Some 107 graves were defaced with anti-Semitic inscriptions in the city of Westhoffen, while graffiti against Jews was also found in nearby Schafhouse-sur-Zorn on Tuesday.

France has Europe’s biggest Jewish community – around 550,000 – and anti-Semitic attacks are common, with more than 500 alone in 2018.

Earlier this year, politicians from across the spectrum joined marches against anti-Semitism.

They denounced a surge in attacks that some commentators blamed on incitement by Islamist preachers, others on the rise of anti-Zionism – opposition to the existence of Israel as a homeland for the Jewish people.

Lawmakers in parliament’s lower house on Tuesday evening approved a non-legally binding resolution modelled on the definition of anti-Semitism set by the International Holocaust Remembrance Alliance (IHRA).

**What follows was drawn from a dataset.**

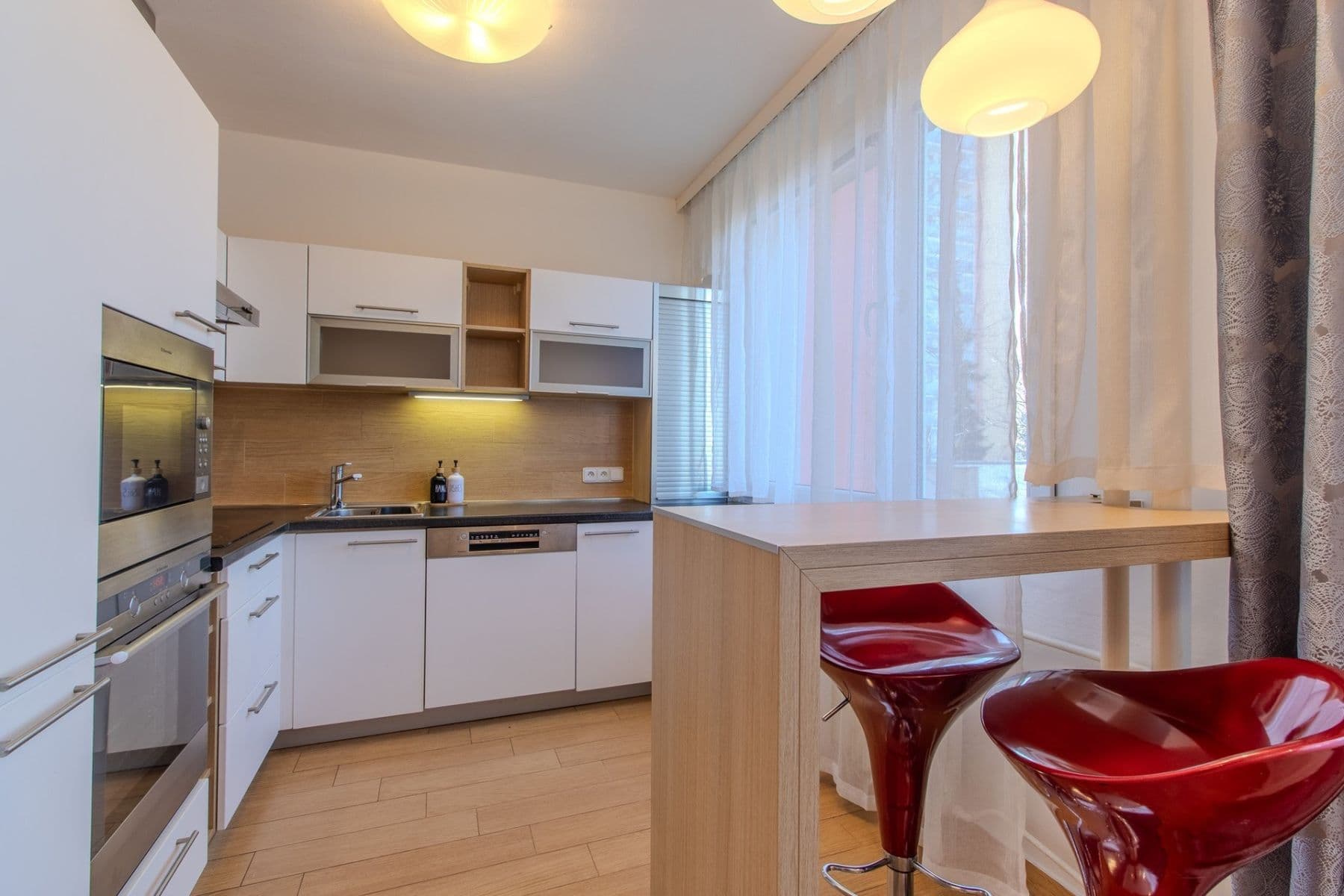 Prenájom bytu 3-izbový 66 m², Košťálkova, Praha, Praha Prenájom bytu 3-izbový 66 m², Košťálkova, Praha, Praha
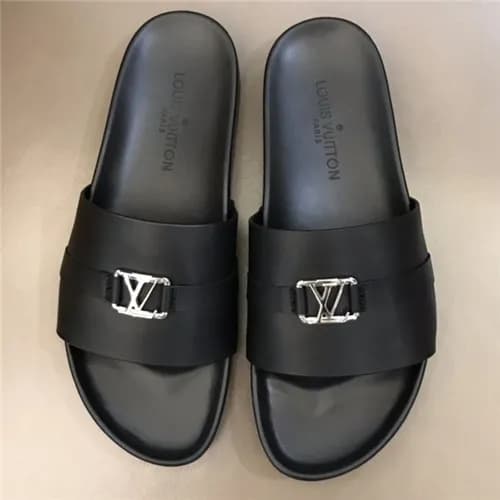 Louis Vuitton 2021 Men's Leather Slipper - 루이비… - 1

The IHRA definition, which serves as an international guideline, does not reference “anti-Zionism” but does say denying Jews their right to self-determination is anti-Semitic.

The World Jewish Congress hailed France’s step.

“For too long too many have used the excuse that their obsessive criticism of Israel stands exclusive from their otherwise positive feelings for the Jewish people. Those days are now over,” it said.

Debate over the resolution split Macron’s ruling La Republique En Marche party, with some opponents saying it could impede people from criticising the Israeli government.